Proceeds from the sale will operate, maintain, expand and promote the arenas and livestock handling facilities built on the county fairgrounds by Kiplinger since 2003.

The buyers are Caleb and Joy Trail, who own land adjacent to the Kiplinger quarter-section. The closing date is Feb. 10.

Randy Bauer of Gateway Realty of McCook said he was pleased with the outcome of the public auction Jan. 8. The minimum bid that the county commissioners and the fair board would have accepted was $550,000.

Gateway's selling expenses are estimated at $18,058, which will come off the top of the $616,000 before the check goes to the county treasurer. That leaves $597,942 for an endowment committee appointed by Kiplinger to determine its use on the fairgrounds.

County treasurer Marleen Garcia and deputy county attorney Phil Lyons told commissioners that county attorney Paul Wood recommends a completely separate, new budget fund for the Kiplinger land sale proceeds, so that commissioners, the fair board, the Kiplinger endowment committee and the treasurer can keep track of the money better than if it were merged into the Kiplinger arena budget.

Garcia said that a new budget fund would have to be created by a resolution from commissioners. Commissioners tabled the item until Jan. 27 to take that action.


In other action, commissioners:

* Tabled until after a state workshop for county boards scheduled Feb. 5, 6 and 7 in Lincoln any decision on possible updates, in compliance with IRS rules, of the county's policy on reimbursement of expenses. Commissioners will visit with other county officials to see how they're handling new IRS reimbursement rules in which the IRS taxes fringe benefits and mileage, meal and cell phone expenses that fall outside very specific guidelines.

* Appointed Gary Dicenta of Miller & Associates Engineering Consults PC, McCook, as the county's road superintendent for 2014. Dicenta and Miller & Associates had been ineligible for the county position for several years because the same engineer could not also be superintendent and/or construction inspector on federal aid road projects within the county. Commissioner Earl McNutt explained that changes in Nebraska's roads funding programs all but eliminate the chance of federal aid road projects for small counties such as Red Willow. With fewer/no federal aid projects, Dicenta can again serve as the county's road superintendent. His first assignment will be to investigate access to an isolated quarter-section of land in the southeast corner of the county.

* Received notice from the Nebraska Department of Health and Human Services that the county will receive a $11,500 yearly child support incentive payment for the federal fiscal year 2011.

* Appointed Fred Shepherd of McCook to the Red Willow County Planning Commission to replace Sue Doak. Shepherd's term will expire April 20, 2016.

* Reappointed Dan Stramel, Doug Vap and Tyler Loop to the Red Willow County Visitors Committee, their terms to expire Dec. 31, 2017.
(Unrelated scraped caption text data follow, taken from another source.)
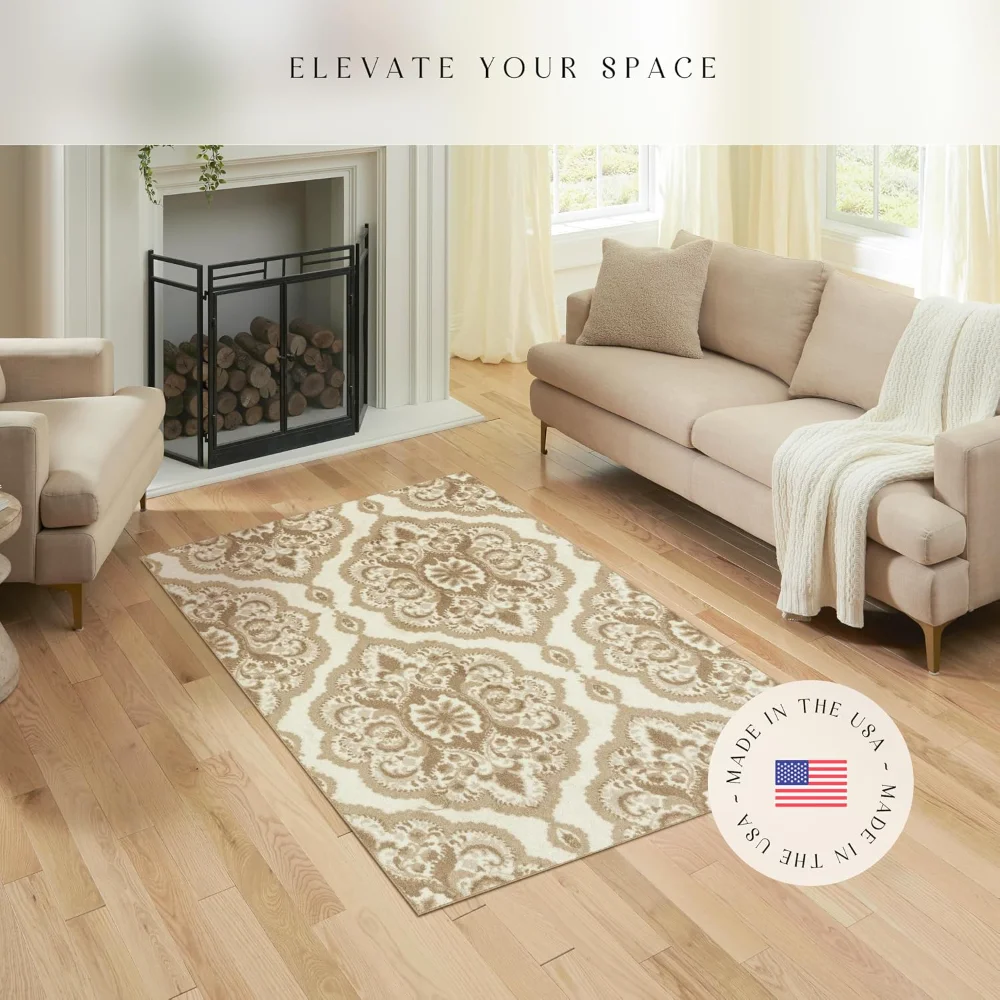 Vivian Medallion Pet Mat, 4'9" x 7', Beige, view 3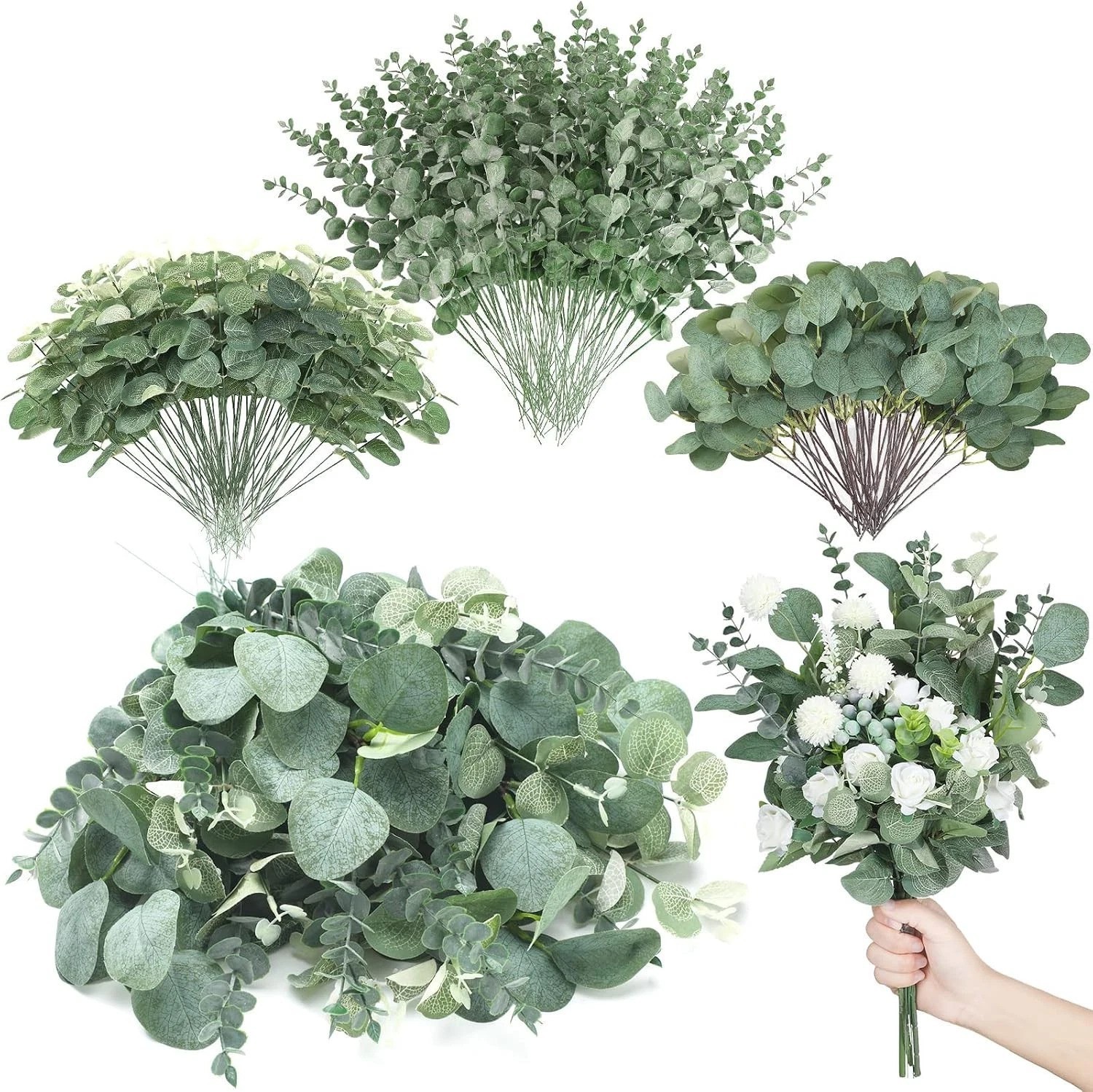 Elegant 600pc Faux Eucalyptus Spray Greenery Bulk for Table Centerpieces & Vases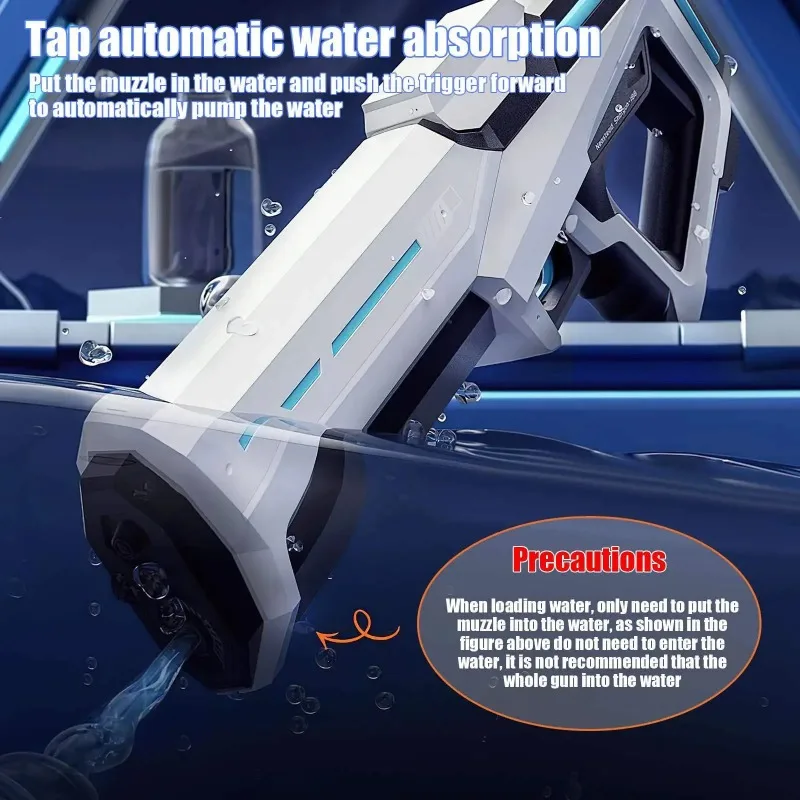 Pistola de agua eléctrica de alta prión, totalmente automática, absorbe la ráfaga de agua, juguet para niños, juegos de lucha en piscina al aire libre de verano, regalos Pistola de agua eléctrica de alta prión, totalmente automática, absorbe la ráfaga de agua, juguet para niños, juegos de lucha en piscina al aire libre de verano, regalos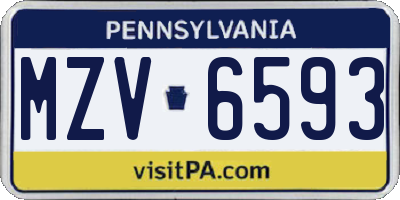 PA license plate MZV6593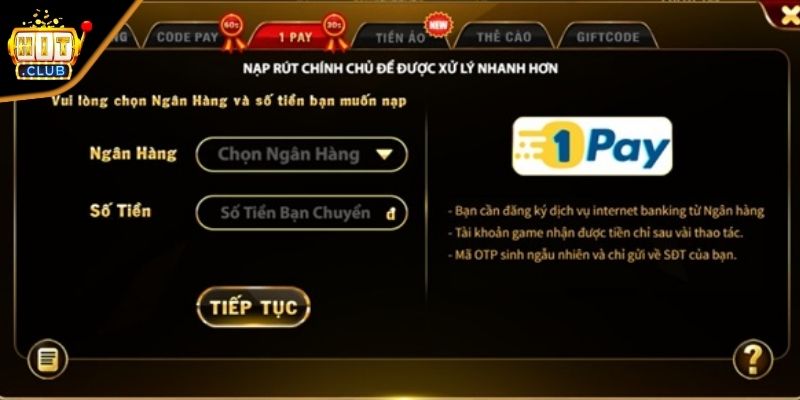 Nạp tiền thông qua ngân hàng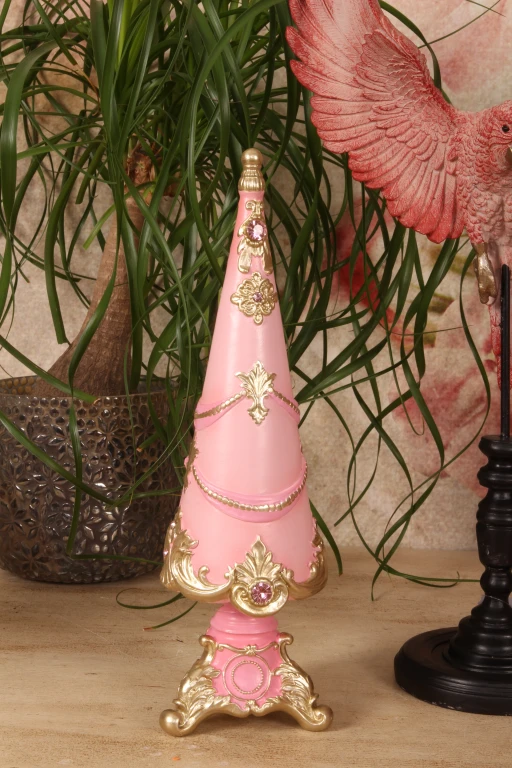 Miniatuurijoulukuusi – vaaleanpunainen – 35,8 cm – taidehartsista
* Appointed Darcy Eckhardt as county zoning administrator for 2014, and appointed commissioner Steve Downer to sit on the county's planning commission.

* Dissolved the obsolete administrative board of the Red Willow County Regional Economic Development Loan Fund and the defunct jail planning committee.

* Declared a list of Extension office items as surplus property.

* Approved the continuation bond for Dave Johnson, treasurer of the Cambridge Rural Fire Protection District.